- _PROMPT_
Set down, exactly and with no pictures, the line that contains "Ijms 23 06324 g006 550" and all lines after it in the listing.

- _RECORDS FOR THIS TASK_
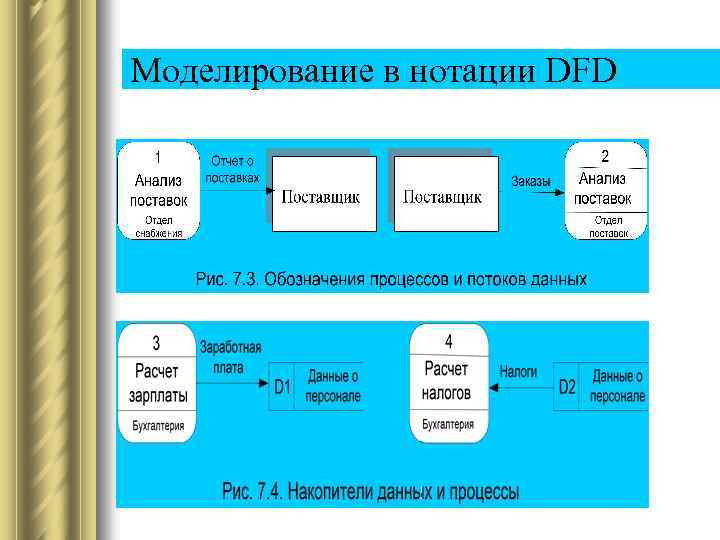 Моделирование в нотации DFD 
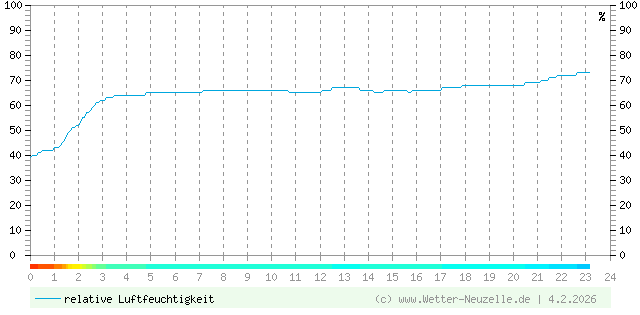 (Diagramm) Luftfeuchtigkeit vom 4.2.2026
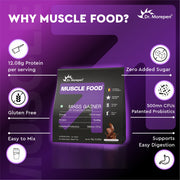 Mass Gainer Double Chocolate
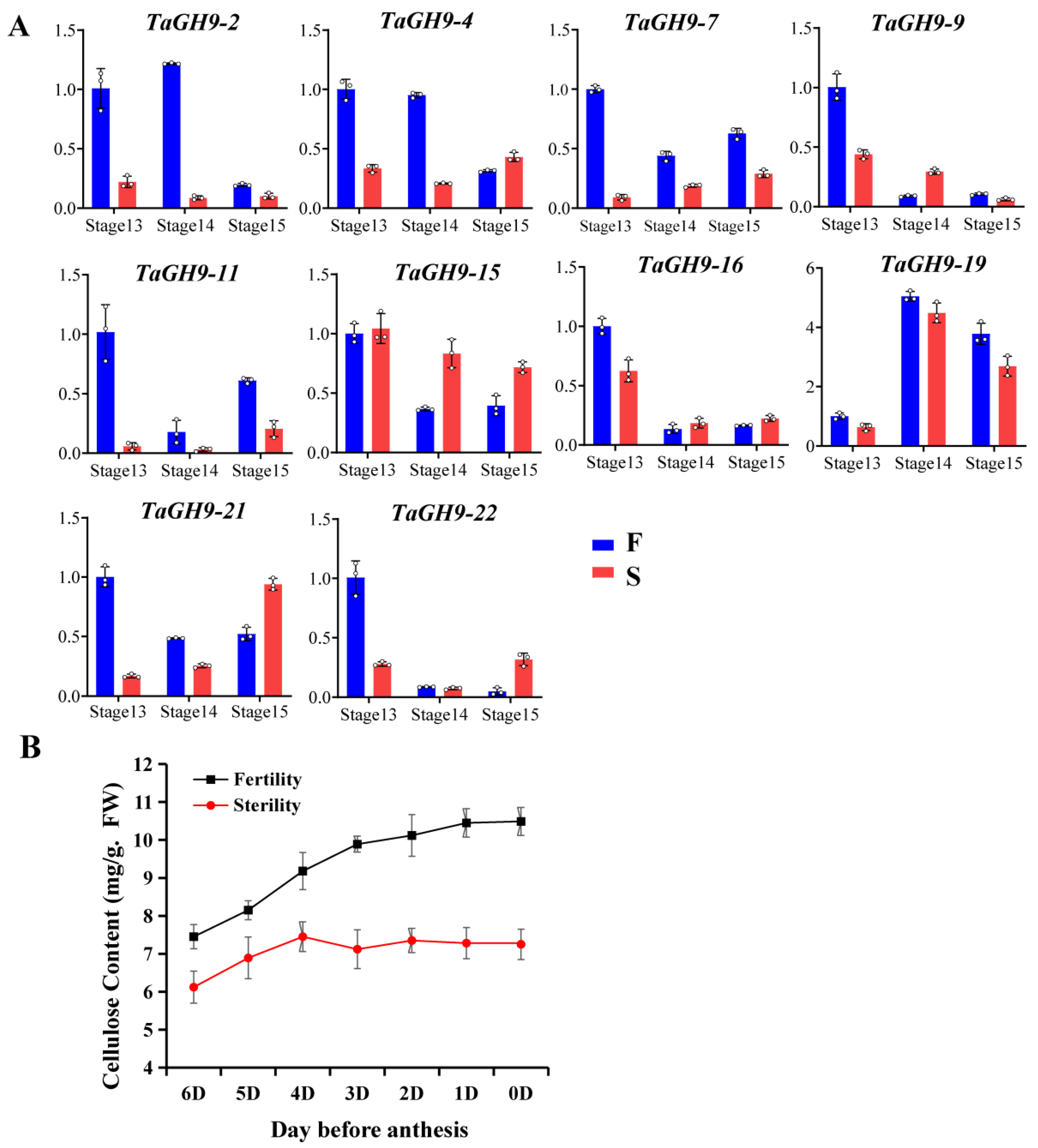 Ijms 23 06324 g006 550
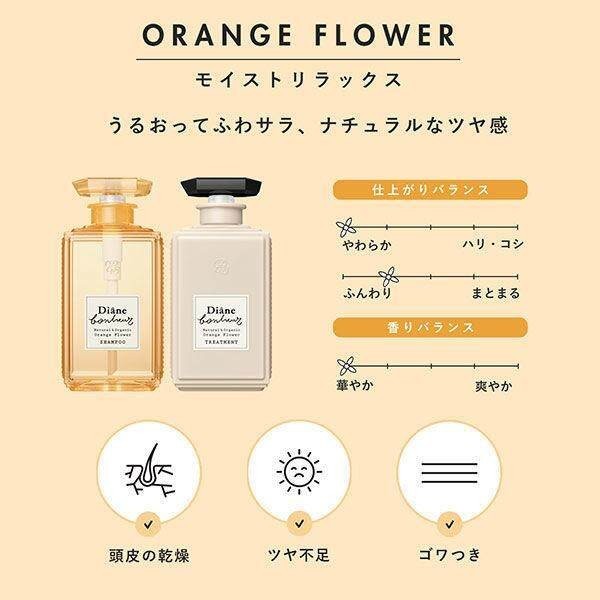 NatureLab Diane Bonheur Orange Flower Scent Moist Relax Treatment 500ml/ Treatment Refill 400ml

- _ANSWER TO THIS TASK_
 Ijms 23 06324 g006 550
 NatureLab Diane Bonheur Orange Flower Scent Moist Relax Treatment 500ml/ Treatment Refill 400ml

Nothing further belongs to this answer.